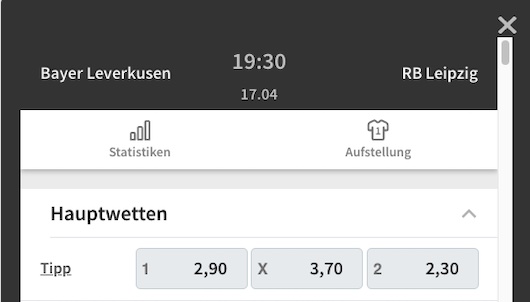 Tipico Wettübersicht zu Leverkusen - Leipzig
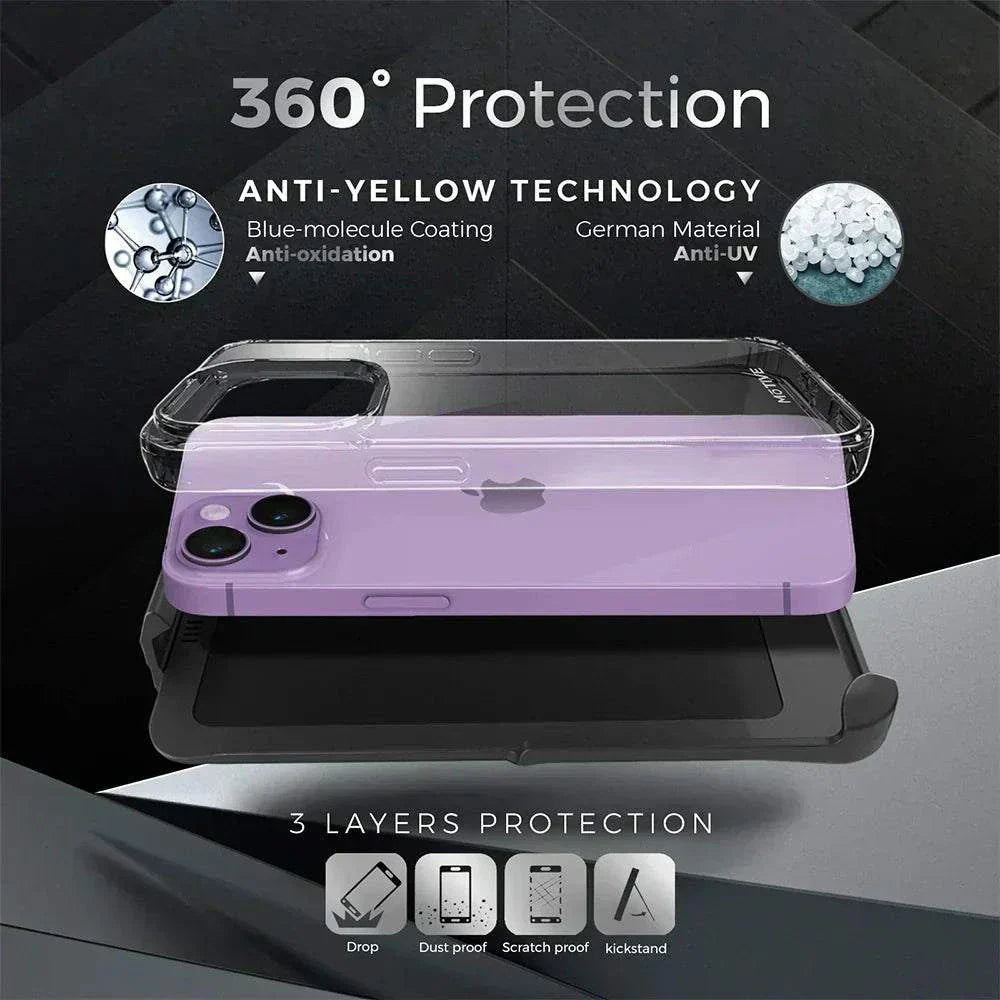 Clear iPhone 14 case with military-grade protection, holster, and kickstand.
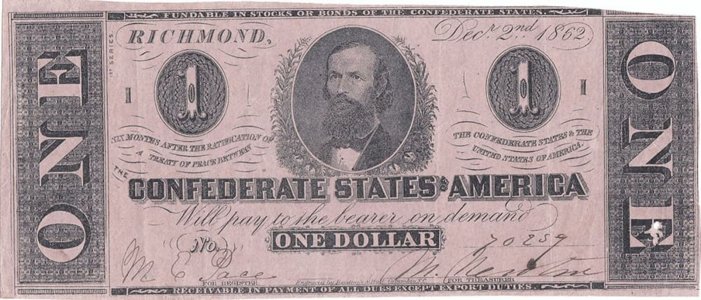 1862 (2 Decembrie), 1 dollar (P-49a) - Statele Confederate ale Americii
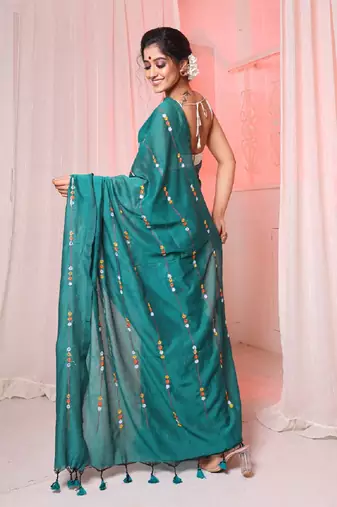 Teal cotton handloom saree with embroidery work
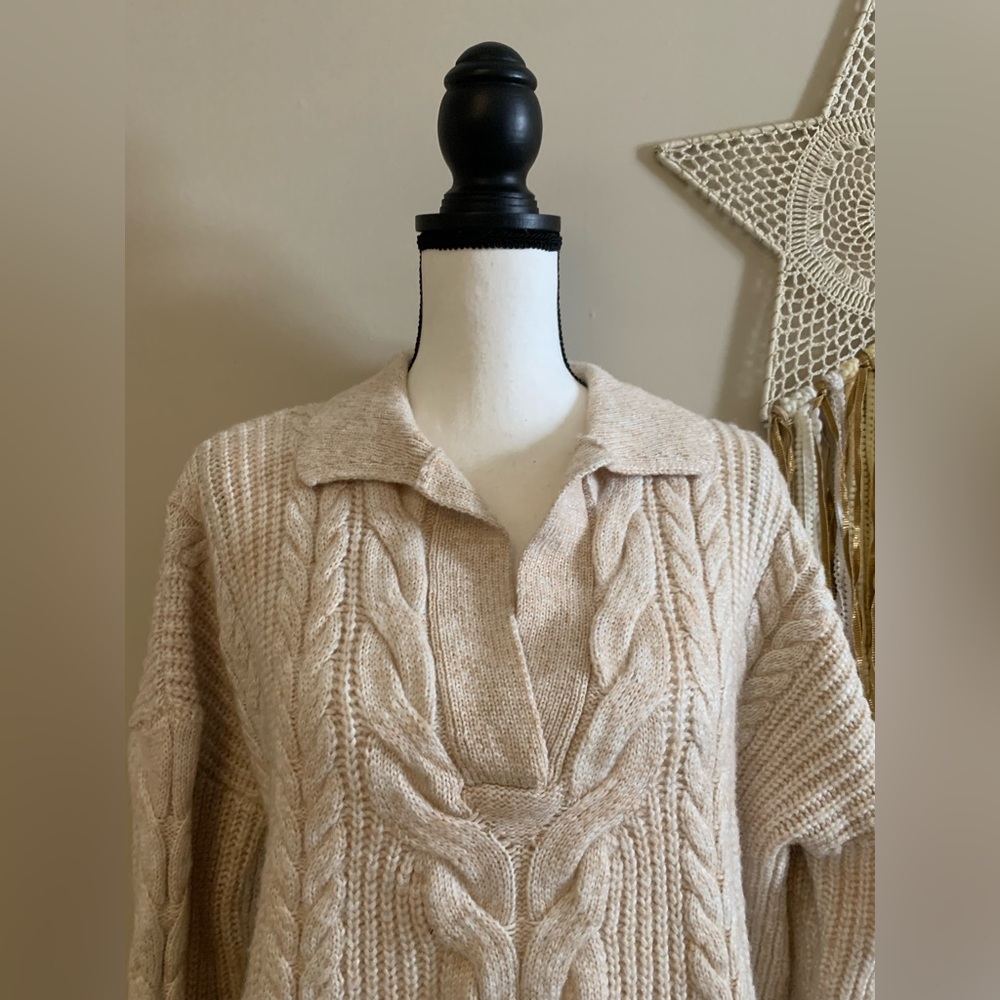 Time & Tru cable knit sweater with sailor collar size large EUC ME B59 - Picture 2 of 7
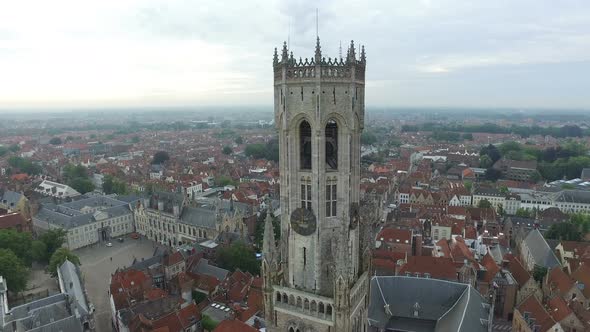 Aerial view of Belfry of Bruges in Market Square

### [Exercise]
Only the pictures are to be dropped; return everything else in the listing exactly.

### [Task output]
 Tipico Wettübersicht zu Leverkusen - Leipzig
 Clear iPhone 14 case with military-grade protection, holster, and kickstand.
 1862 (2 Decembrie), 1 dollar (P-49a) - Statele Confederate ale Americii
 Teal cotton handloom saree with embroidery work
 Time & Tru cable knit sweater with sailor collar size large EUC ME B59 - Picture 2 of 7
 Aerial view of Belfry of Bruges in Market Square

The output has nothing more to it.